Tuesday, March 19, 2013

Head on collision



Blits was speeding along its pre-planned path, when an unidentified object hit it, also moving at a tremendous speed. The collision was head on and in a fraction of a second, it was gone; blown to smithereens.

Fortunately, I am not describing about some horrific or tragic accident that has happened on some expressway or any other road. I am talking about an accident that happened at a much higher level; few thousand Kilometers up above the earth; in deep space, to be precise.

Blits or 'Ball Lens in the Space' was a Russian satellite, a 17-cm glass sphere, designed for laser ranging experiments, that was launched in September 2009. Russians say that it was knocked off its orbit, when it had a direct collision with a wayward fragment of a weather satellite, floating somewhat away from main body of the fragments in the space and moving at a super fast speed of 8Km per second. The collision left the satellite spinning faster and facing the wrong way, rendering it unusable.

In 2007, Chinese had launched an anti-satellite missile, which had destroyed its own weather satellite,the FY-1C of the Feng yun series in a polar orbit, at an altitude of 865 kilometres (537 miles) and having a mass of 750 kg. The kill missile travelling at a speed of 8 Km per second, from opposite direction had a head on collision. The debris from the destructed satellite has been circulating around the earth in space, since then.

According to Russians, Blits was hit by one of the pieces from this debris. The incident actually took place in January 2013, but came to light only recently, when Russian operators of the satellite, asked a U.S. space object tracking service for help.



Boris Shustov, head of the Russian Academy of Sciences Institute of Astronomy, says; “About 10 tons of space garbage clutter low earth orbits of up to 2,000 km, Out of more than 600,000 pieces of space objects larger than one centimetre, only 5 per cent have been tracked down and catalogued, while 95 per cent remain undetected.”
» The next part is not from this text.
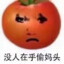 长崎耐烧王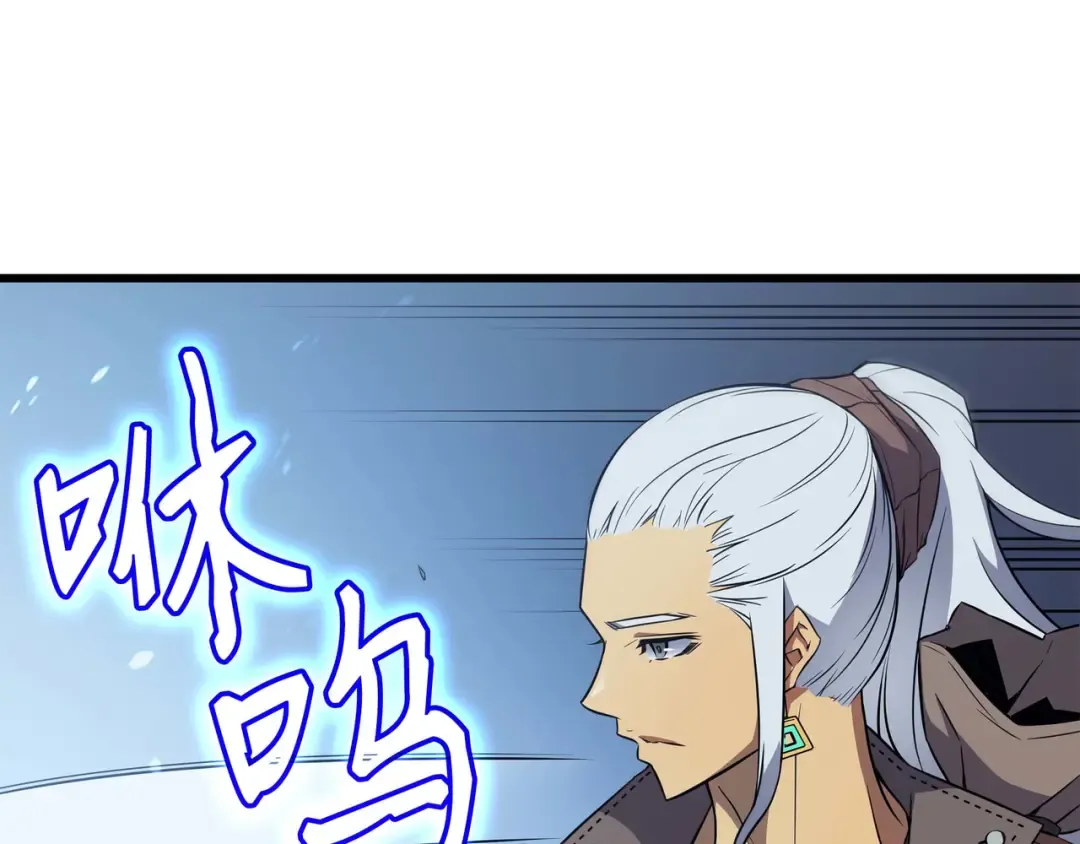 第65话 实力压制 第162页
Vladimir Popovkin, head of the Russian Federal Space Agency (Roscosmos) agrees and says; “Three years ago the probability of collision between a spaceship and debris larger than one centimeter was estimated at one case in every five years while today it is likely to occur once in 18 to 24 months, Even if all satellite launches are halted, space debris will continue to grow in a chain reaction of junk-to-junk collision.”
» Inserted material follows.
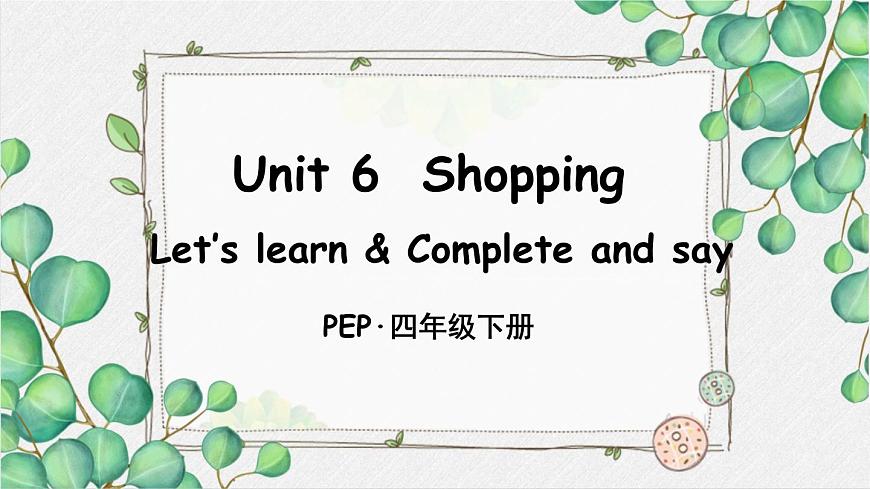 人教版PEP小学四年级英语教学课件《Unit 6  Shopping》Part A 第1课时第1页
Recently, when an Indian Rocket was to have been launched, its launch was delayed by few minutes because launch engineers had detected some debris, which could have hit the rocket rising up. Rightly, There are no effective ways of protecting spacecraft from debris flying at nearly 8 km a second, except for an orbit correction. Even International Space station crews have to perform collision evading maneuvers at least once in a year.

Space junk problem gets more and more serious as we go up. At geostationary orbit heights or at 35,786 kilometres or 22,236 miles above the Earth's equator, since there is no downward force of gravity, space junk could stay there for millions of years. Unfortunately, all of our communications and weather satellites are also parked at this height only.

According to Mr. Vladimir Popovkin, there is a real chance that Geostationary orbits, which are a unique resource, may be lost in the next 20 years because of man-made pollution of space junk.

Russia is rightly ringing alarm bells over the snowballing problem of space junk. However there are no easy solutions and some ways to remove junk can be devised only with an international cooperation.